= Beginning of Section =
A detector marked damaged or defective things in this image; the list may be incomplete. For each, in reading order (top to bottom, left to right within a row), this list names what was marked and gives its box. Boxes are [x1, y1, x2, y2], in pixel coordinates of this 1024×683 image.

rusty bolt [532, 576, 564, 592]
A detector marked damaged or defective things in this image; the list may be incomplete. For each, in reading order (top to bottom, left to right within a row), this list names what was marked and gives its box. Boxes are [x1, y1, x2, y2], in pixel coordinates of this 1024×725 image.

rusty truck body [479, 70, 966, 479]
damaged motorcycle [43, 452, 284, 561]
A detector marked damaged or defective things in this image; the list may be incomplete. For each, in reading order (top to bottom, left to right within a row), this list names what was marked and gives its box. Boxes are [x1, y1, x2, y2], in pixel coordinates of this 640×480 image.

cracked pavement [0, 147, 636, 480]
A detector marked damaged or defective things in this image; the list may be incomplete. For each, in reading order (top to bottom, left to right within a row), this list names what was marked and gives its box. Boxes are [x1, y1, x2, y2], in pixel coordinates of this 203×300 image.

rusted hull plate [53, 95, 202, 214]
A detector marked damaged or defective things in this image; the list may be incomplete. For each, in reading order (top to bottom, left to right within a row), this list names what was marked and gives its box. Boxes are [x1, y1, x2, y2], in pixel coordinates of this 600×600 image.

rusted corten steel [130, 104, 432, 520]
= End of Section =
(EXERCISE DESCRIPTION): A word-for-word restatement of the records above from the line containing "this 1024×725 image." to their final line is all the answer should hold.

(REPLY):
A detector marked damaged or defective things in this image; the list may be incomplete. For each, in reading order (top to bottom, left to right within a row), this list names what was marked and gives its box. Boxes are [x1, y1, x2, y2], in pixel coordinates of this 1024×725 image.

rusty truck body [479, 70, 966, 479]
damaged motorcycle [43, 452, 284, 561]
A detector marked damaged or defective things in this image; the list may be incomplete. For each, in reading order (top to bottom, left to right within a row), this list names what was marked and gives its box. Boxes are [x1, y1, x2, y2], in pixel coordinates of this 640×480 image.

cracked pavement [0, 147, 636, 480]
A detector marked damaged or defective things in this image; the list may be incomplete. For each, in reading order (top to bottom, left to right within a row), this list names what was marked and gives its box. Boxes are [x1, y1, x2, y2], in pixel coordinates of this 203×300 image.

rusted hull plate [53, 95, 202, 214]
A detector marked damaged or defective things in this image; the list may be incomplete. For each, in reading order (top to bottom, left to right within a row), this list names what was marked and gives its box. Boxes are [x1, y1, x2, y2], in pixel coordinates of this 600×600 image.

rusted corten steel [130, 104, 432, 520]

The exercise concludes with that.